I have this text:
a href="#" class="s-navigation--item js-gps-track js-products-menu" aria-controls="products-popover" data-controller="s-popover" data-action="s-popover#toggle" data-s-popover-placement="bottom" data-s-popover-toggle-class="is-selected" data-gps-track="top_nav.products.click({location:2, destination:1})" data-ga="["top navigation","products menu click",null,null,null]" aria-expanded="false"
With this regex:
attr_regex = '(?:\w+[-\.]*)+(?:=+[\'\"][\w\d\s:;,$@#!\[\]^&?%*\/+(){}.=-]*[\'\"])*'
I want to separate this text into the individual words or variables there are, like this:
But instead, in python code the output gets like this (in a list):
['a', 'aria-controls="products-popover"', 'aria-expanded="false"', 'class="s-navigation--item js-gps-track js-products-menu"', 'data-action="s-popover#toggle"', 'data-controller="s-popover"', 'data-ga', 'top', 'navigation', 'products', 'menu', 'click', 'null', 'null', 'null', 'data-gps-track="top_nav.products.click({location:2, destination:1})"', 'data-s-popover-placement="bottom"', 'data-s-popover-toggle-class="is-selected"', 'href="#"']

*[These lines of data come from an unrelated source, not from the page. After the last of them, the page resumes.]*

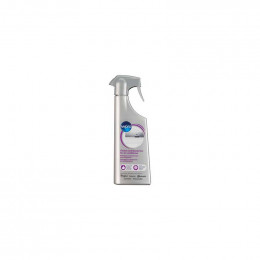 Nettoyant et desodorisant climatiseur acs016 500ml Wpro 484000008642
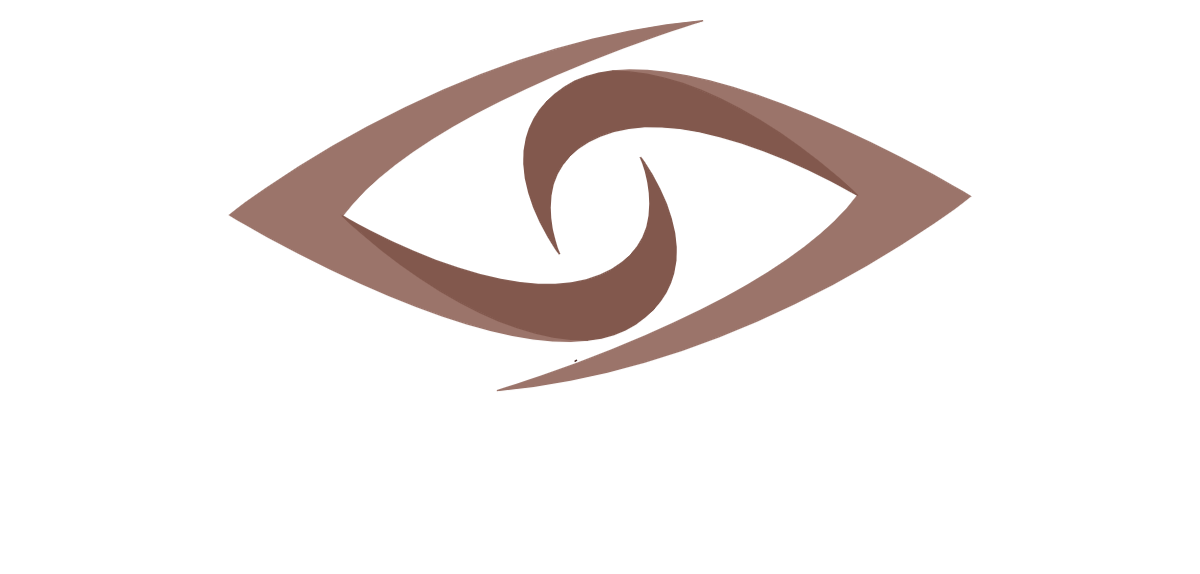 Pivotpoint Insights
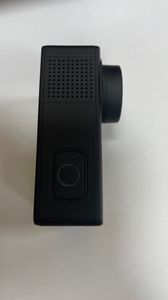 01-200745103: Sjcam sj8 pro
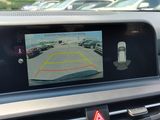 Used 2026 Kia Seltos SUV
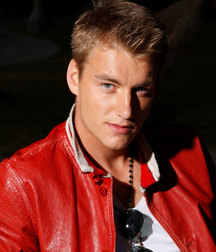 Alexey 5bc5dd9c23f59.jpg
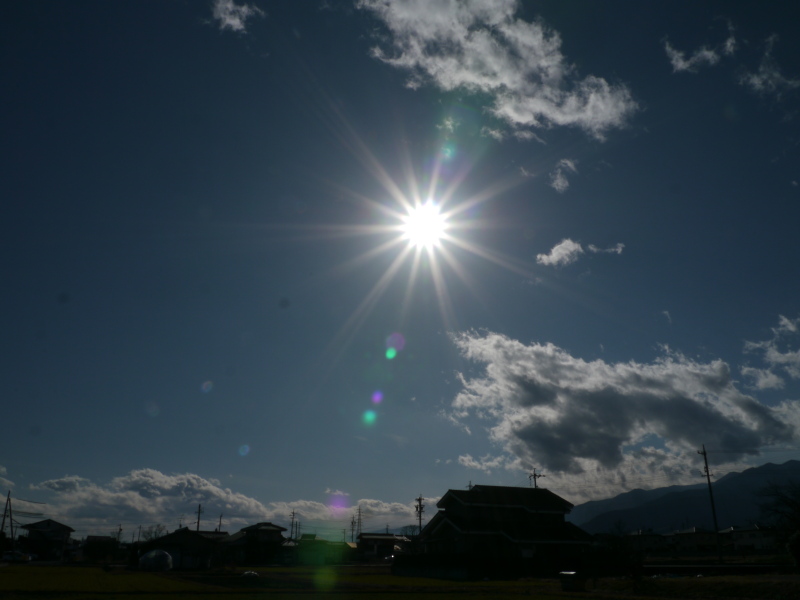 b0190242_11503666.jpg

As you can see there are some words which are not supposed to come out like that, because they are inside the value of the variable.
Python code:
elements = re.findall(attr_regex, str(text))
print(elements)
Using raw string doesn't fix the problem!
How can I fix this problem, and better, how can I make this regex work successfully in every text possible?